I’m not a sales person. What I mean this is how I try to mention several times the products and services we sell.

2

In theory, there’s people who come for a free fancy meal (and drinks), and I wager there’s some of them. But the types of people we invite generally wouldn’t blow a week night away from family just for a free steak.

3

In Europe, this often in nice hotel’s restaurant. In America, it’s usually a steak house.

4

This is another thing that takes me, a so-called introvert, to do. I have to just make myself do it, but there’s some tricks for disengaging from one conversation and going to another. I’ve done everything from just being explicit (“pardon me, I want to go talk with that person”), using the interruption of getting a new drink or some tiny food, but my most common tactic is to go use the toilet.
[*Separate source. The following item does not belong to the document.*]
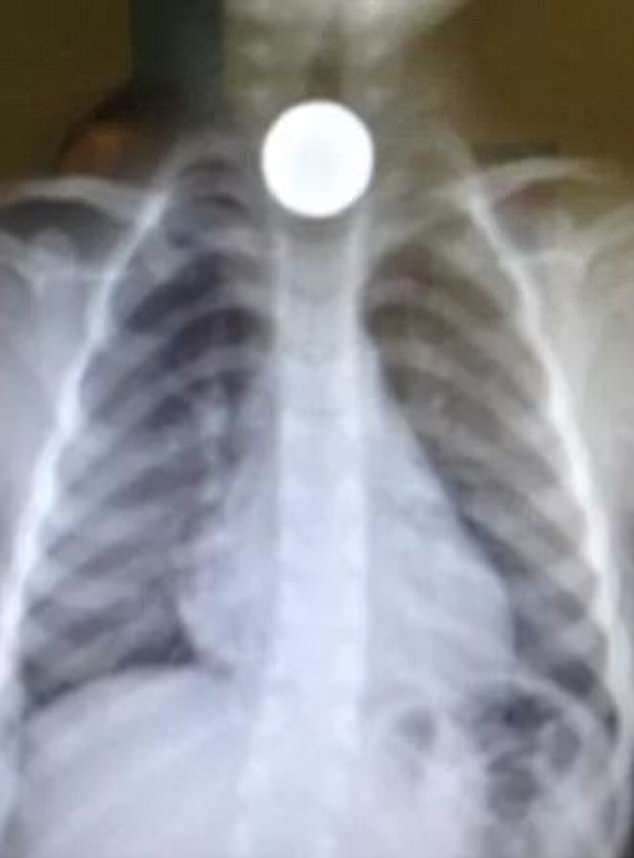 Three-year-old Bronte Read was rushed to hospital after swallowing a coin. An X-Ray of the coin trapped in her body is pictured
Like, for read: works every time! And I have a tiny bladder. If you’re like me, this escape to the toilet is a good time to recharge your social energy.

5

Broad note: as a moderator, being the one who’s always like “I don’t know what this is, can you tell me more?” is a good way to generate interesting group conversation. Many people won’t know, or, at least, in giving the explanation, you’ve now got more conversation surface to play with.

6

The other reason I don’t like group talks is, I don’t know, for better or worse one of my core psychological tics is that I believe my main goal is to not be a burden, to be neither seen, nor heard. I’m like a vampire: you have to invite me over the threshold before I engage. But, in this kind of dinner, it’s no problem. I’ve been invited. In fact, you could say that the attendees have crossed my threshold.